In my simplistic, inadequate explanation I would illustrate that if you hold a water bottle on its side you can depict the top of the bottle as representing the beginning (Genesis) and the bottom as representing the end (Revelation) of human history. The contents of the water bottle represents just that – human history as we know it through the Biblical account. Our Sovereign, Almighty, Creator God is outside of time (the water bottle). He is able to see precisely from the beginning to the end. Time is meaningless to Him because He is unlimited by both the time and the space contained within the entire human experience (the water bottle).  He is looking at history and clearly, perfectly sees when and where He has sovereignly placed (ordained) each one of us. He can see completely from before the past (the beginning of human history) to today to the future – all the way to the end (the end of human history) and then to the entirety of eternity.
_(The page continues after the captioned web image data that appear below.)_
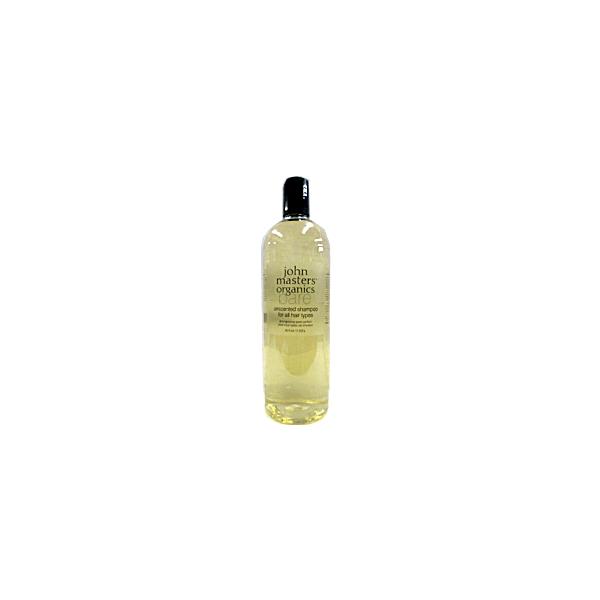 john masters organics（ジョンマスターオーガニック） ジョンマスター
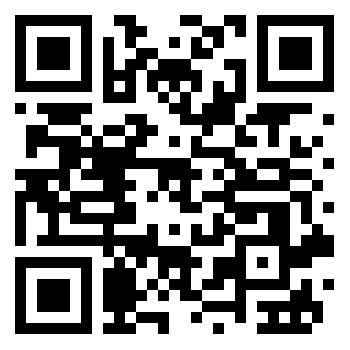 QR Code for https://wedodraw.com/art/1003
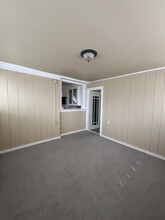808 A St, Unit Apartment C in San Rafael, CA - Building Photo - Building Photo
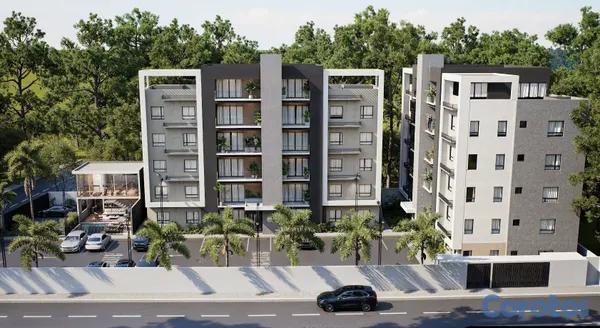 apartamentos - APARTAMENTOS EN VENTA EN TORRE SAILY III | PUÑAL,  10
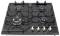 Миниатюра Grunhelm GHG 0434 MB WOK, фото 1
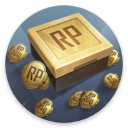 pubg开箱模拟器手游app pubg开箱模拟器手游app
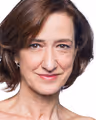 Haydn Gwynne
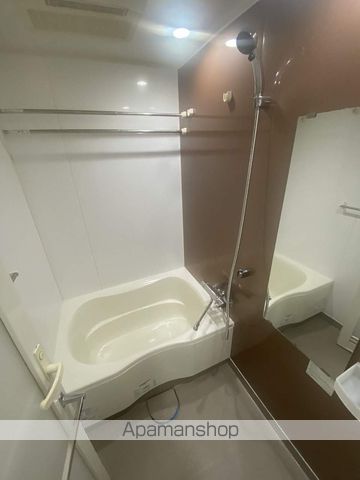 アーデン堺筋本町の内装写真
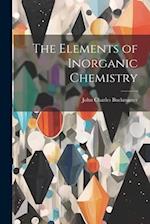 The Elements of Inorganic Chemistry 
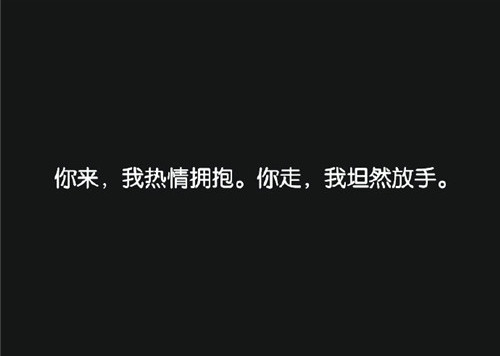 想对一个人说的作文怎么写（我想对您说的作文怎么写400个字）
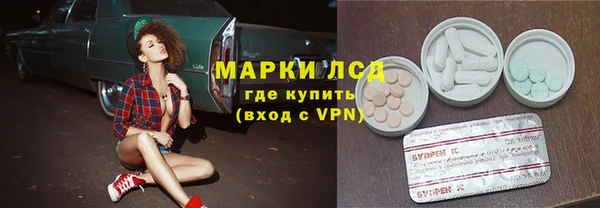 прущая мука Каменка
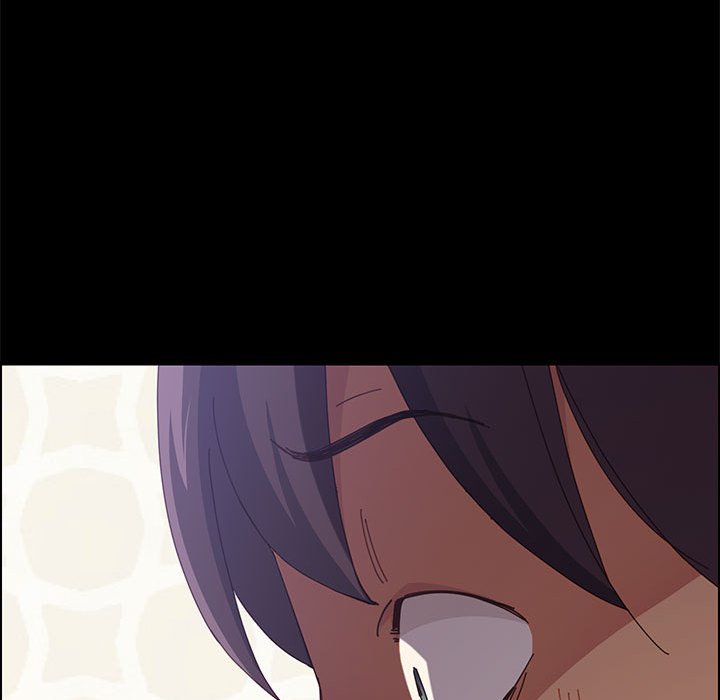 《美好的寄宿生活》漫画 第12章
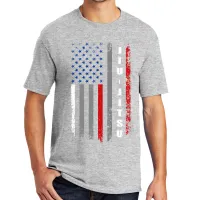 Jiu Jitsu Design 3 – Image 2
Simply, He can see ALL.

At the appropriate time in history, in accordance with His plan and purpose, He inserted Himself into the water bottle in the person of His Son, Jesus Christ.  Jesus, as fully man, allowed himself to also be limited by space and time.  Once Jesus was resurrected and ascended, He, too lives and reigns outside of time. He is also able to look into the “water bottle” and see us living our lives. Our God, Who created us (in His own image), ordained our days, purposed our lives, died in order to save us from the eternal penalty of our sinfulness, loves us perfectly, wants to deny us no good gift, wants to make us into the likeness of His Son, wants to spend the remainder of eternity (after the water bottle) with us in splendor and perfection has an absolute hold on the water bottle. He created the water bottle and set its contents into motion. He has never once let it slip from His hand nor has it ever been hidden from His sight.

Our God, who knows all, is everywhere and who has power and control over all, has us constantly and continually in His sights and in His grip.

As Babbie Mason sings in her song “Trust His Heart” –

“He sees the master plan
He holds the future in His hand
So don’t live as those who have no hope
All our hope is found in Him

We see the present clearly
But He sees the first and last”

He holds (the water bottle). He sees. He loves. He allows. He is able. Can you trust Him with your Why?

The next time you are asked, or the next time you have pondered and analyzed and your only answer is “I don’t know why,” trust the Master of the Why.

He is worthy of our trust, worthy of our holding on for His glory and moving ahead because our whys of life are within the most capable and most available hands for His good and perfect plan and purposes.

Thought to Ponder: What “whys” of life are causing you to wander from the One you love? Are you able to get to a place of peace and trust that you can let go of the Why (even if you have to ask a million times) to get back on track of the journey planned, ordained and purposed for you?

And p.s. – Here’s an additional thought to ponder. Do “bad” things really happen to those who believe, in faith, the existence and character of God; the truth and veracity of Scripture; the salvation brought through the gospel of Jesus Christ and the empowering, enlightening, indwelling presence of the Holy Spirit?

Yes, dreadfully sorrowful, deeply challenging, definitely disappointing, desperately uncomfortable and decidedly difficult things occur in all of our lives. But are they “bad” for us?

See – for a start in your search for an answer:

  • Psalm 84:11
  • James 1:17-18
  • Romans 8:28-29 (hint – v. 29 is really important in your view of the good in v. 28)




Comments (1)

  • As always, Marcia, your musings incite me to ponder. Thank you for verbalizing what so many of us feel daily. Clarity is good, and brings trust and acceptance…if not understanding.